An Investigation into the Taxation of Undistributed Income Sections 951 Through 964 of the Internal Revenue Code: The Controlled Corporation (The University of Oklahoma, 1981; 42/02, pp. 769-70/A) by Thomas Joseph Beirne. This study should be of considerable interest to income tax historians, particularly in the area of international business. Beirne’s research problem concerned the relationship between the taxation of undistributed income and enactment of statutes which identified foreign corporations controlled by U. S. owners. Starting with the introduction of income taxation in 1913, Beirne traced the development of various laws which affected the taxation of both undistributed income and the income of U. S. controlled foreign corporations. He then analyzed certain events which occurred, and studies which were made, during the period 1953-1962 and compared the legislation which had been expected with that subsequently enacted. The following two decades or so were marked by legal contests. Beirne reviewed the most significant court cases during the period 1962-1980, noted the changes which occurred in sections 951 through 964 of the Internal Revenue Code, and attempted to relate these changes to the outcomes of certain cases. He then went on to analyze the effects on the overall tax rates of corporations with incomes from foreign subsidiaries, covering the period 1913-1980. This analysis included an assessment of the possible effect on corporate dividend policy of having a controlling interest in subsidiaries located in countries where tax rates were higher, or lower, than in the United States.

Beirne reached three main conclusions from his study. First, that the only attempts to tax undistributed income which have lasted in the long run are those intended to reduce the possibility of tax avoidance. Policies aimed at increasing federal revenues, or attempts to eliminate deferral privileges, have been neither popular nor successful. Secondly, that numerous court cases to test Code sections 951 through 964, during the period 1962 through 1980, mainly resulted in decisions in favor of the Internal Revenue Service. The taxpayers only prevailed in cases where tax avoidance was not a contributing factor. Thirdly, that the intent of the Kennedy Administration’s tax policy was to try to be neutral in terms of possible effects on management decision-making, and achieve equality of treatment by taxing similar types of income at similar rates. Neutrality with respect to corporate dividend policy does exist where foreign subsidiaries are operating in countries with tax rates equal to or higher than those in the United States, However, tax equality is obviated by the deferral privilege. In order to achieve both equality and neutrality in tax policy, Beirne suggests, the deferral privilege must be eliminated or else extended to corporations which operate overseas through branches rather than subsidiaries.

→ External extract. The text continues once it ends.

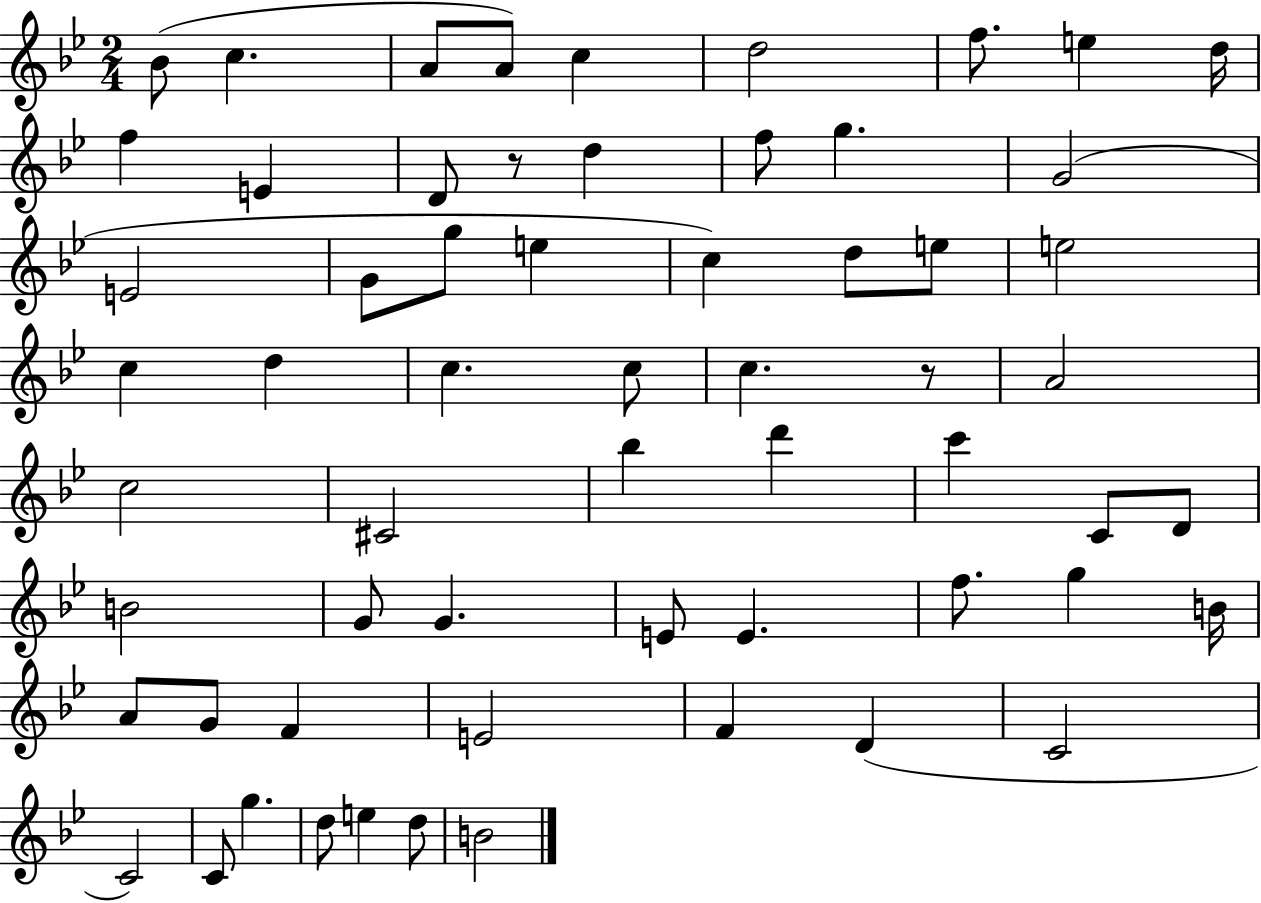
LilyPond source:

APB Opinion No. 8 and Fluctuation in Pension Expense: A Case Study in the Effectiveness of Accounting Regulation (The University of Chicago, 1981; 42/03, p. 1220-A) by Michael Haselkorn. As its title indicates, this dissertation evaluates the effectiveness of employer accounting for pensions, as required by Opinion No. 8 of the Accounting Principles Board (APB). Although APB Opinion No. 8 was intended to accomplish several objectives, the one tested in this study was that which aimed at eliminating fluctuations in reported pension expense which were not related to the employee group. Two sets of hypotheses were tested, the first being:

“H : The number of firms which have exhibited an increase in fluctuation of reported pension expense relative to payroll, after APB Opinion No. 8, is greater than or equal to the number of firms which have exhibited a decrease in fluctuation of reported pension expense, relative to payroll, after APB Opinion No. 8. H : The number of firms which have exhibited an increase in fluctuation of reported pension expense, relative to payroll, after APB Opinion No. 8, is less than the number of firms which have exhibited a decrease in fluctuation of reported pension expense, relative to payroll, after APB Opinion No. 8.”

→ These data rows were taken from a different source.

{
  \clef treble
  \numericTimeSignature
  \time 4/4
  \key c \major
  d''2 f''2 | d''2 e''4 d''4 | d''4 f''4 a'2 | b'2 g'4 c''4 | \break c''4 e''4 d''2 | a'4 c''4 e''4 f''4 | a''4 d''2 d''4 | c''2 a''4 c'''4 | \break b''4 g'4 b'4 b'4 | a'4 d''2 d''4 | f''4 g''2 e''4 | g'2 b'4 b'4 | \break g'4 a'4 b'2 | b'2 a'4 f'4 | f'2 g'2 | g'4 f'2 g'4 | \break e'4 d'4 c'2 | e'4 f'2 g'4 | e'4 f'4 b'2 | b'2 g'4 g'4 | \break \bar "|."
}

The second set of hypotheses was developed for that aspect of the study which dealt with the use of pension expense as an agent for income smoothing: “H : For those firms having reduced fluctuation in reported pension expense relative to payroll, reported net in-

158 The Accounting Historians Journal, Fall, 1983 come fluctuated the same before and after APB Opinion No. 8. H : For those firms having reduced fluctuation in reported

pension expense relative to payroll, reported net income fluctuated more after APB Opinion No. 8 than before it.”
Haselkorn developed three measures of fluctuations applicable to pension expense: the square root of the average squared deviation from linear extrapolation of the series; the square root of the average squared deviation from parabolic extrapolation of the series, and the coefficient of variation. A fourth measure: the mean absolute error where the percentage change in pension expense was the dependent variable and the percentage change in payroll was the independent variable, used payroll as a measure of the employee group. The data base used were CRSP tapes for the period 1959 through 1974 and the firms included in the sample were those, num-bering 86, which met the selection criteria and disclosed annual pension expense and payroll data for each year.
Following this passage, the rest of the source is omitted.